Ultimately, there are limits to what parents can do, what therapies can do, and what treatment can do."

You just don't know what is going to happen. Doctors just shrug when I ask them "Will my son be normal when he's older, will he be like he is now, or somewhere in between? What can I expect?"

Nobody knows. I wish we could shift the focus from pushing awareness or advocating acceptance, or blaming vaccines and wasting time and money in vaccine court . Why not spend that effort on something that would actually help? A lot of the things we parents need for our kids just are not there.

Safety items: childproofing that goes beyond the baby aisle at Walmart. How does one childproof things for a 5 year old? A 10 year old? a 25 year old? Doctors don't know. Therapists don't know. Psych doesn't know.

Medicaid recently cut funding for necessary car safety items like the harnesses or specialized car seats and buckle covers. They'd rather pay the bills when my autistic son who will not stay in his car seat gets thrown through the windshielf, than spent a few hundred to keep him safe. It's nt entirely their fault, either. Look at these companies. Jaymes car harness was $400, plus another $200 for the strap that hooked to the car. The bolt that screwed into the car was $80-ish. We're talking some metal, and some nylon straps. It did not cost these companies $680 to make one harness, it probably cost them about $50 at most. As soon as you tack on the words "medical supply" to anything, it jumps in price. We need affordable and appropriate safety items available to us. What do i tell the cop who stops me and writes me a ticket for having an unrestrained child in the car? "Well officer, he started out buckled in, but he has autism and unbuckles. I can't control what he does in the back seat while I'm driving. Should I duct tape his hands?" It's unfair to punish people living with autism (be they parents or individuals with autism themselves) for things that we cannot control. Make the services and equipment available!

We need behavioral specialists. Not the ones who charge $200 an hour and don't take insurances. Not the ones we have to drive 4 hours to. We need them locally, we need more of them. We need them to take our insurances, and to have reasonable fees if they will not.

We need better trained teachers. We need to know that our kids teachers understand autism and pay enough attention to what parents tell them. We need to know we will not be reported for child abuse if our head banging child gets a bruise, or at the very least that the teacher will recall all the times self injurious behavior has been mentioned and contact the parent before the authorities. We need to know our autistic kid won't be voted out of class for being different, that we don't have to fear our kids being abused or (god forbid) killed at school because a teacher can't handle them or doesn't understand them.

We need more services. We need to not have 9 month waits for respite. We need to know that society cares about our kids, and we need help. If we can't get some of the things we so desperately need, there will be a lot more stories like Sky's.
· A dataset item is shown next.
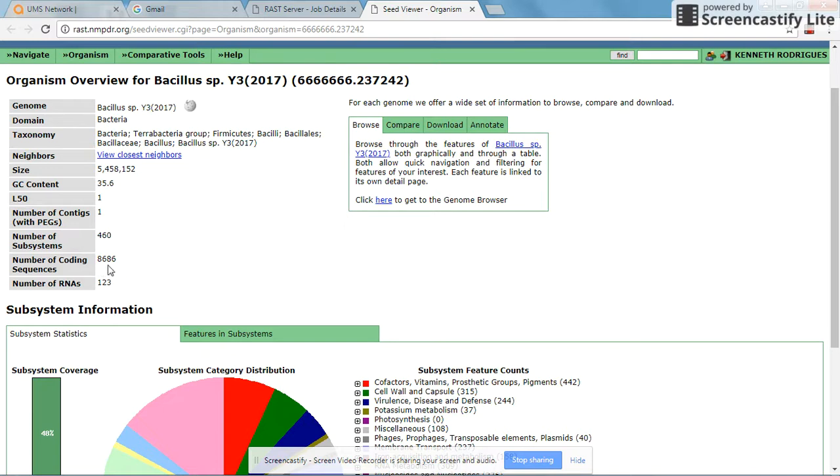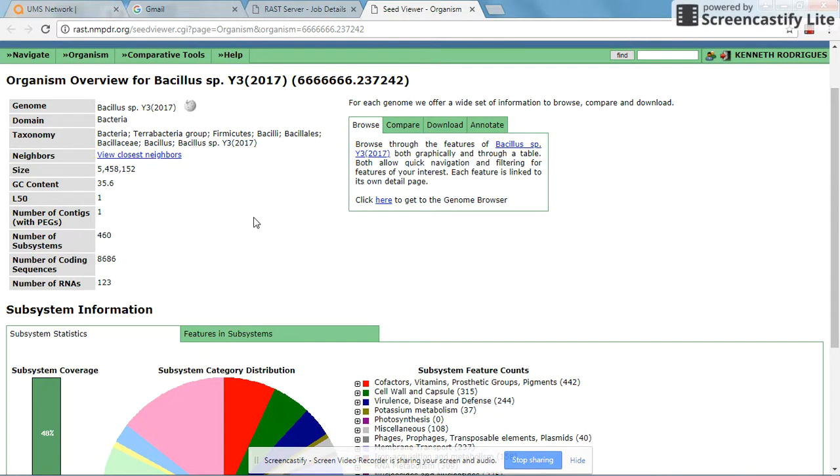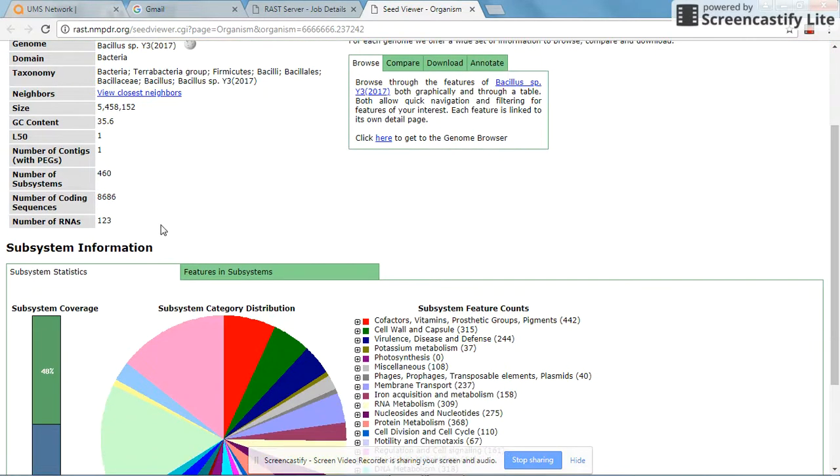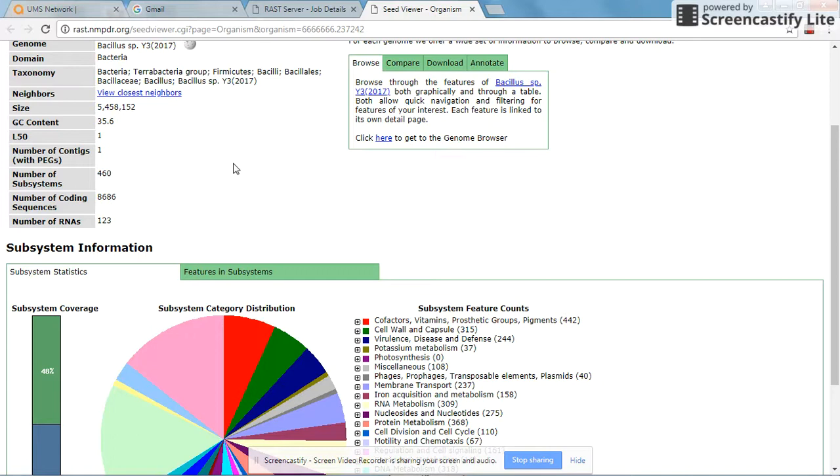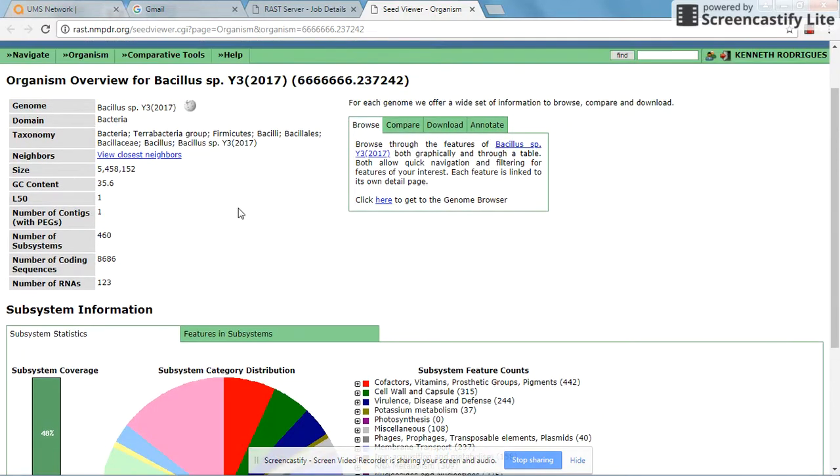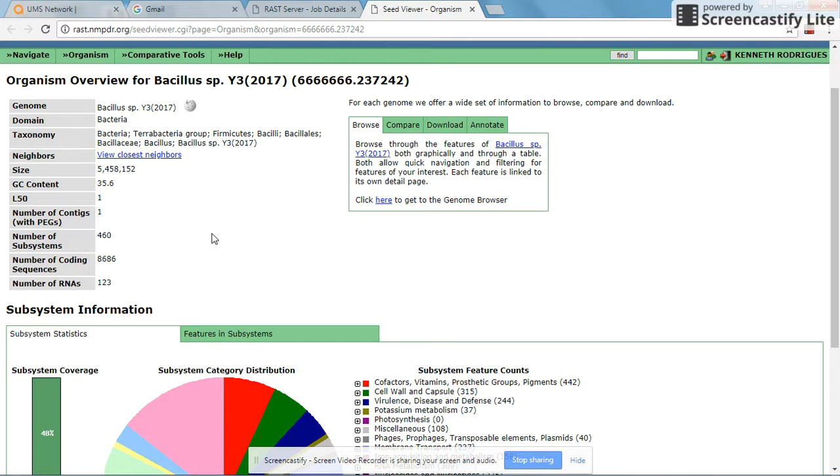The number of coding sequences are 8,686. This includes the non-coding RNAs as well. The number of RNAs are 123, which is an adequate representation of the genome of Bacillus. By observing this entire set of parameters, one can determine if one's genome sequencing is complete or incomplete.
Go hug your kids, forget this horrible story for awhile, and reflect on what makes it worth the struggle for you. If you blog, write a post about the good things, the little things that keep you sane and happy. Link to it here in the comments.


luvmycrazyboy said...

Wow. That one really made me think. I don't quite know how to feel. It sure does suck.

Denise said...

Oh my goodness. What a difficult story. You're right - more services are necessary. Good services are necessary.